Menata Tren Media dan Menangkal Hoax Bersama RGE dan WAN-IFRA

| Editor: Doddi Irawan
Menata Tren Media dan Menangkal Hoax Bersama RGE dan WAN-IFRA


Laporan Doddi Irawan dari Bali

Baca Juga: VIDEO : BPJS Ketenagakerjaan Rakor dengan Wartawan









PERKEMBANGAN teknologi yang semakin pesat mau tidak mau berdampak pula pada media massa. Banyak kalangan muda tidak lagi suka membaca koran, menonton televisi, mendengar radio, bahkan membuka portal media online.

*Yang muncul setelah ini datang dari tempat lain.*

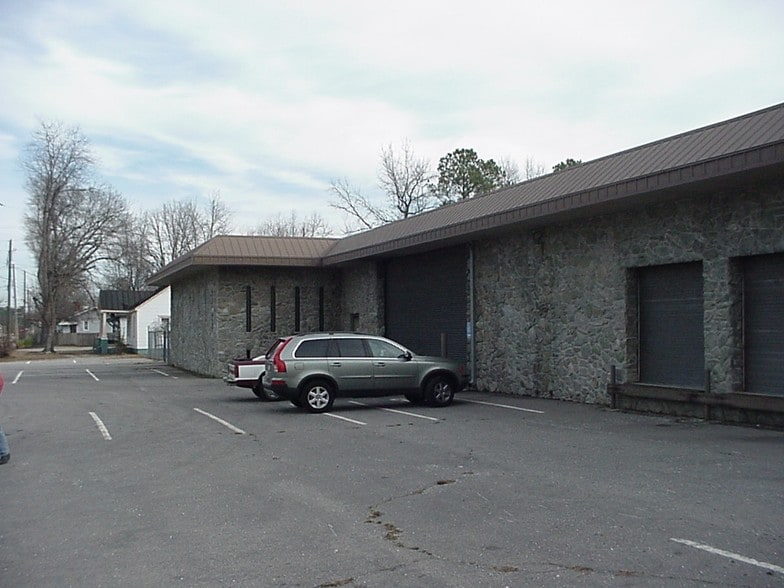 More Photos Of 1433 S Franklin St, Rocky Mount Warehouse For Sale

Teknologi sangat mempengaruhi perkembangan media-media mainstream, termasuk dalam soal pasar. Tidak sedikit media-media besar gulung tikar, akibat tidak mengikuti perkembangan teknologi, dan salah membaca peluang pasar.

Baca Juga: Security Hiburan Malam Rampas Identiitas Wartawan





Melihat kondisi itu, sebuah grup perusahaan besar di dunia, Royal Golden Eagle ( RGE), menggelar workshop. Ini sudah tahun kelima. Kegiatan bertajuk RGE Journalism Workshop 2019 itu diadakan di Nusa Dua, Bali, 4 – 9 November 2019.

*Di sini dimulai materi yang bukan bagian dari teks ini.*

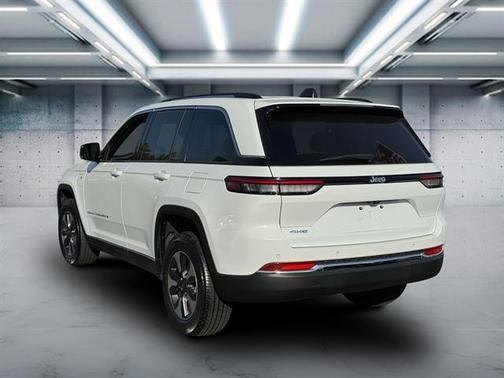 2022 Jeep Grand Cherokee 4xe Base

Kegiatan ini diikuti 25 wartawan senior dan editor media massa dari seluruh Indonesia, seperti Sumatera Utara, Riau, Jambi, Jakarta, Jawa Barat, Semarang, Surabaya, dan Kalimantan Timur.

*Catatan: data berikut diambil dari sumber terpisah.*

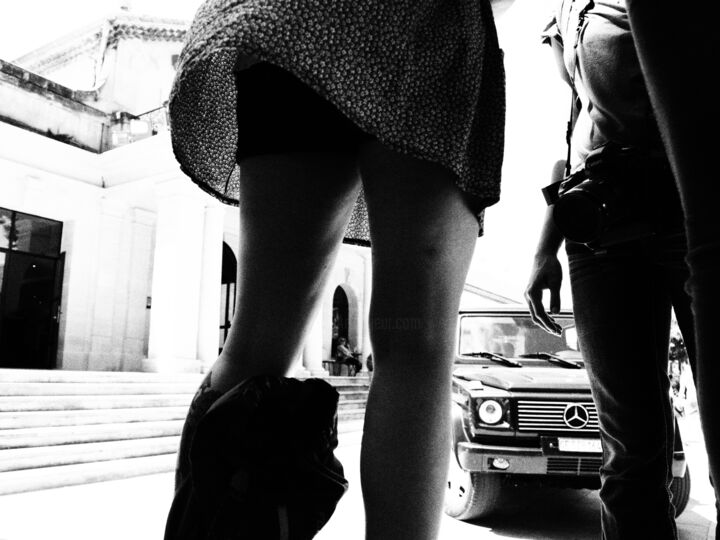 Photography titled "Upskirt - Arles 201…" by Salvo Veneziano, Original Artwork, Digital Photography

Baca Juga: Peras Toke Pupuk, Wartawan Gadungan Diciduk





Apa itu RGE ? Royal Golden Eagle mengelola sekelompok perusahaan manufaktur berbasis sumber daya alam di berbagai negara. Bidang usahanya beragam.





Di sektor hulu meliputi pengembangan sumber daya alam (SDA) dan pemanenan berkelanjutan. Di hilir, ada pengolahan beraneka produk, yang memiliki nilai tambah untuk pasar global.





Perusahaan ini sangat komit pada pembangunan berkelanjutan, konservasi dan pengembangan masyarakat. Perusahaan ini berupaya maksimal memberikan manfaat bagi masyarakat, negara, iklim, pelanggan dan perusahaan.





Di bawah bendere RGE ada April dan Asia Sybol yang bergerak di industri pulp dan kertas. Kemudian ada Asian Agri dan Apical di sektor perkebunan kelapa sawit. Lalu ada Bracell, produsen selulosa khusus.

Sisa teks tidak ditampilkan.